DMIS development began in February 1985 as the Dimensional Measuring Interface Specification Project. Users and suppliers of dimensional measuring equipment combined efforts to create a standard that would allow the communication of inspection data between automated systems. The first version, DMIS 1.0, was completed in March 1986, and DMIS 2.0 followed in September 1987. The American National Standards Institute (ANSI) accepted DMIS 2.1 as ANSI/CAM-I 101-1990 and likewise accepted DMIS 3.0 in 1995. The acknowledgments listed in the standard now read like a Who's Who of global manufacturing corporations and measuring equipment suppliers. DMIS, which references six other standards, has truly become the CMM-users' standard.

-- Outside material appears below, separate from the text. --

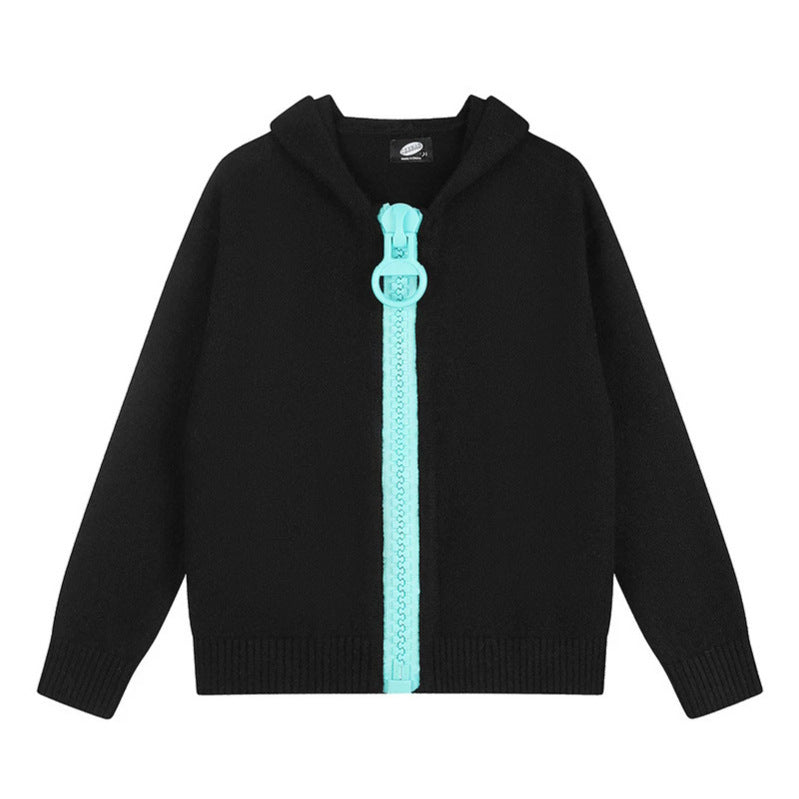 Damen Kapuzen-Strickjacke mit übergroßem Reißverschluss und softem Mohair-Mix Drune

DMIS was originally designed to provide a means of transferring CMM programs from a computer-aided design and computer-aided manufacturing (CAD/CAM) environment to a CMM, independent of the vendor at either end. It's essentially a standard for the two-way communication of inspection data between computer systems and inspection equipment. DMIS provides a readable and writable vocabulary of terms, establishing a neutral format for the preparation of inspection programs and results data. This vocabulary can also function as a programming language. Although some of the truly global manufacturing companies that were deeply involved in creating the standard use DMIS, its profile and general use have been somewhat limited.

DMIS may have been ahead of its time. Only in recent years has the use of CAD data become a major functional demand upon CMM software. Perhaps the equipment suppliers' contributions and initial involvement was due more to customer pressure than to the suppliers' commitment to embed the standard into their ongoing product development strategies. The CMM industry's consolidation in the past decade may also have shifted development strategies more toward rationalizing products than toward developing new products and capabilities. It is certain that DMIS' biggest obstacle came from a U.S. patent issued in 1993 to a now-defunct CMM manufacturer for "using a communication protocol as a programming language." At that time, DMIS was being used only as a communication protocol, and the patent stopped the development of DMIS as a programming language overnight. However, the dual usage became public domain in 1995, and DMIS has been gathering momentum ever since.

Although the patent halted DMIS' uptake and provided a reason for equipment suppliers to hold off new software development via a full DMIS implementation, it did identify that DMIS 2.1 was a truly comprehensive standard. This recognition enabled it to become a programming language in its own right. The breakthrough in DMIS usage eradicated the need to provide pre- and post-processors to convert DMIS at the CMM into the vendor-specific CMM languages. Native DMIS, as it has become known, is the use of DMIS as the CMM programming language and is widely accepted as the future of CMM software. Many of the world's leading global manufacturing companies participate in the North American DMIS Users Group or the European DMIS Users Group and meet on a regular basis in the interest of advancing the DMIS standard. DMIS is expected to become an ISO standard in the near future, and DMIS 4.0 nearing its release.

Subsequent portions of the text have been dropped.